== AVAILABLE DATA ==
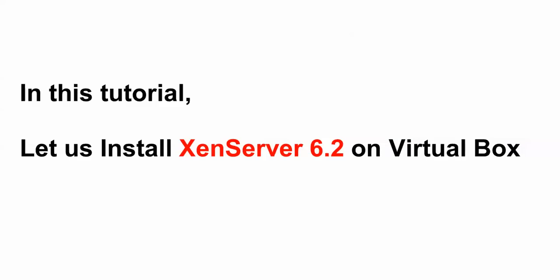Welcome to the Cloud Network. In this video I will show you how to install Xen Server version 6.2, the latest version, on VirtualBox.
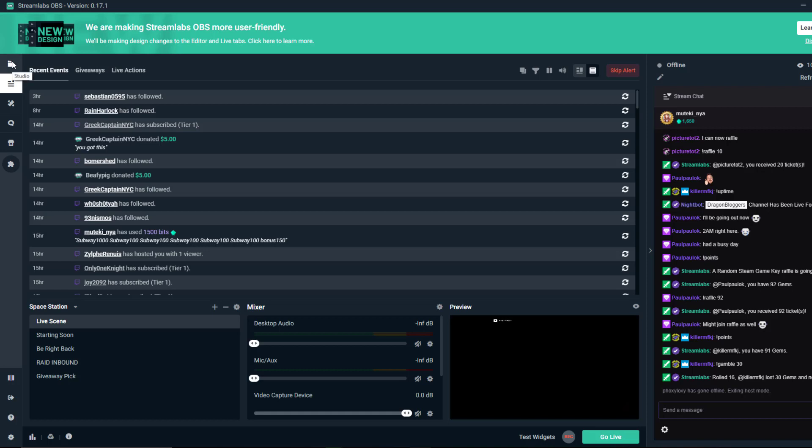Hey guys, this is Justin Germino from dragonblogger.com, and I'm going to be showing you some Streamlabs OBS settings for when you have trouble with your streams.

---

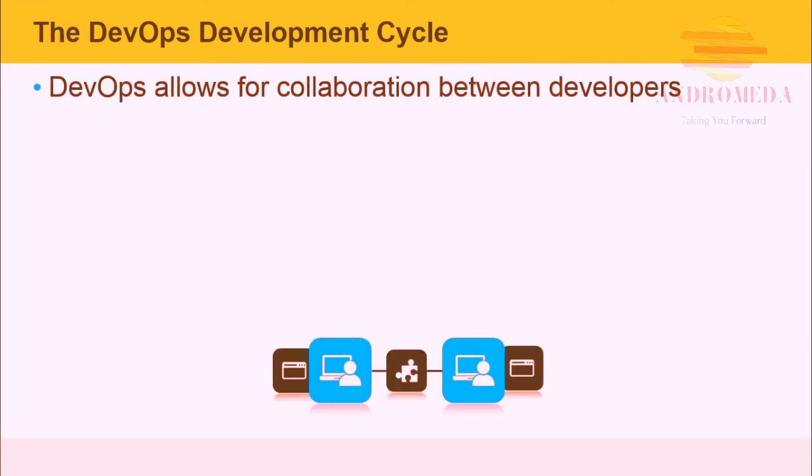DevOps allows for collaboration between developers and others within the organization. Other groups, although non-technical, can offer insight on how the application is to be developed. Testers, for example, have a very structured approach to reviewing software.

== DESCRIPTION OF THE TASK ==
In the listing above, find the line with "Welcome to the" and output every line through the one with "Hey guys, this", exactly, without the pictures.

== OUTPUT OF THE EXERCISE ==
Welcome to the Cloud Network. In this video I will show you how to install Xen Server version 6.2, the latest version, on VirtualBox.
Hey guys, this is Justin Germino from dragonblogger.com, and I'm going to be showing you some Streamlabs OBS settings for when you have trouble with your streams.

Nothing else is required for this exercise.